It’s NaNoWriMo Time!
Starting November 1, 2009, at precisely 12:00AM, NaNoWriMo begins. If you don’t want to hear endless posts about NaNoWriMo, unsubscribe now. (No, don’t! I promise I’ll try to be reasonable. But not really).
NaNoWriMo is National Novel Writing Month. The goal of NaNoWriMo is to complete a 50,000+ word novel before the clock strikes midnight on December 1st. How you accomplish this is up to you. This requires an average of 1667 words a day for 30 days straight. Sound impossible?
The last two years, I’ve written a live “blogvel” which is a novel written as live blog posts, as if the characters were posting the story as it happens. In 2007, I wrote a story about a man caught up in corporate conspiracy and espionage. He must save his own office from demolition by a madwomen who used to be his boss who used to be a schoolmate that he accidently ran off the road back in high school. It’s extremely nutty.
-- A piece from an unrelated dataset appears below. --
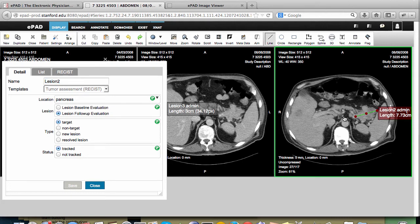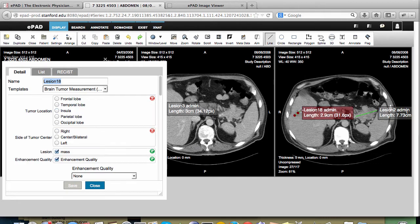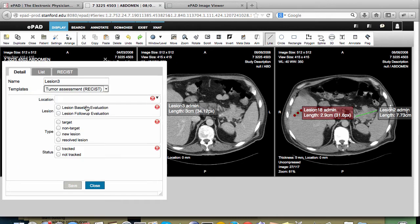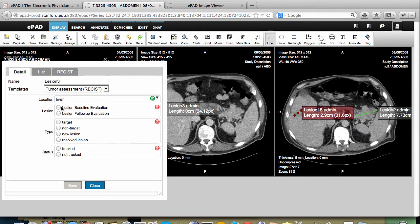It's easy to measure the third lesion. We simply draw a line. We give the lesion the correct name — we're going to call this lesion 3. We pick the template that we're using, which is RECIST. We need to say where the lesion is, the location. This is a follow-up, it's a target image and we're tracking it. And then we save it.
I never really intended this to be a story I’d eventually rewrite and publish, but it’s crazy (albeit poorly written) tale of adventure.
In 2008, I took the characters to the next level. This time they had to stop this madwoman from destroying London. Stuck on some kind of nuclear-powered boat, they travel around the world causing mayhem and destruction. I can’t really describe it except to say that however nutty 2007 was, 2008 definitely topped it.
This is the beauty of NaNoWriMo, the ultimate seat-of-the-pants journey into creating worlds of imagination. Whatever idea you have, you go with it. No time for reflection or character development. No editing the previous day’s work to make today’s plot functional. I wanted pirates and zombies and Chinese labor camps, and got them all. Doesn’t make sense. Doesn’t have to. It’s an imagination explosion.
This brings us to 2009. What should I do for NaNoWriMo? I really want to finish the “30 Days” Trilogy. They never accounted for the backers of the prison or the bizarre warship, the makers of the Singularity Matrix. The world is still in peril. Julia has some demons in her past. Alex is still farting his life away. Carrie is madder than ever. Elena is disgraced and on the lam. There’s been no real resolution.
Here’s the thing. I don’t know if I can afford to spend a month (or two if I do all the planning in October) working on something I don’t ever plan to market. As good as the “30 Days” concept is, I don’t think it’s professional quality fiction. It’s more of the quality of fan fiction for a show that doesn’t exist. I’ve been re-reading 2007 and it’s really poor. But if I don’t finish “30 Days” this year, I never will. It will never be done.
This is what I want to do. I want to take the month of October to completely plan out this project. Then I want to dedicate November to writing. I face a few choices:
- Use NaNoWriMo to write the final edition of “30 Days”.
- Use NaNoWriMo to write another story. I have one concept well-plotted at this point. I have 2 others that are in lesser stages of development, but could be plotted by Nov 1.
- Write two stories at once. While this may be crazy talk, there’s a certain attraction to performing 2 NaNoWriMo’s simultaneously. I don’t think it would take me all day to write the blog posts for “30 Days”. It can just be whip-it-out fiction.
Decisions, decisions. I’ll let you know what I decide before the 1st.